Friday, November 4, 2011

The Jackal at the Door

OK, I am in love now with Eleanor Lerman, who wrote this book of poems, The Sensual World Re-Emerges. It had been on my wish list for a while, and, yes, I judged a book by its jackal-headed cover, and I read it now, end of October, beginning of November, at the end of my first surge of Cleopatra research (for a project next October!) I quoted from Lerman's days-of-the-week poem in yesterday's blog entry.

You can learn about more Eleanor Lerman here, her own web site, which lists her books, and where I was pleased to find her new novel, Janet Planet, from Mayapple Press. I had seen the cover (wolf head floating on crescent moon) visiting Mayapple before, but this time I got smacked in the head with it.

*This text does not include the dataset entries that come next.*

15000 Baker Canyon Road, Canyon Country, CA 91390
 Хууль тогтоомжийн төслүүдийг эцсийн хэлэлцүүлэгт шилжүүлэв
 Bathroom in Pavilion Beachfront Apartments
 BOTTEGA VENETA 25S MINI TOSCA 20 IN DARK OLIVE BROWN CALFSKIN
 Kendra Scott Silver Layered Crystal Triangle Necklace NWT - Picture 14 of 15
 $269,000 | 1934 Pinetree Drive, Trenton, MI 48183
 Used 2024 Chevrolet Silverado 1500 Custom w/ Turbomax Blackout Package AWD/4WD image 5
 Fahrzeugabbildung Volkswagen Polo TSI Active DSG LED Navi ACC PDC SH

The Egyptian God Anubis wore a jackal head and was associated with mummification and the afterlife. (Thank you, Wikipedia, and thank you, Wikimedia, for the free-use images!) Lerman's poems have death and worry lurking in them and are also hilarious, often, so I am gripped with fear and haunted by...a weird vicious delight while reading them. They speak with an odd floating urgency.

They also give me something to be cranky about in the proofreading department. Just like my mom, I find myself reading with a pencil and making little corrections—adding a "d" here, deleting a "y" there, and shuddering at the use of "lightening" for "lightning." Once again, I ask, "Why, why isn't an editor doing this?" How can a fine book of poems like this get out into the world with errors like that? (And I don't know who to blame, a proofreader or the lack of a proofreader, or a copy editor who introduced the errors instead of correcting them...and why am I so darn persnickety?)

The lack of periods also drives me a little crazy, but that is a clear choice so I tell myself it has something to do with the meaning and the inextricability of form and content of poetry. I choose to think the lack of periods adds to the eerie floating quality in these poems. And sort of suggests immortality or afterlife

**please note lack of period above**

3 comments:

Anonymous said...

Thanks for this reading suggestion, Kathleen. These poems sound really good (but I cringe at editing flubs too).
Sarah

Collagemama said...

Oh, you hit a nerve! That "lightening" for "lightning" error is worse than nails on a blackboard. I did want to add a black dot at the end of the jackal's nose....Okay, so we create a job stimulus package based on fining or taxing all material that has not been edited and proofread. All sorts of companies would want to hire English majors to avoid the fines.

Kathleen said...

Excellent! Job creators for English majors!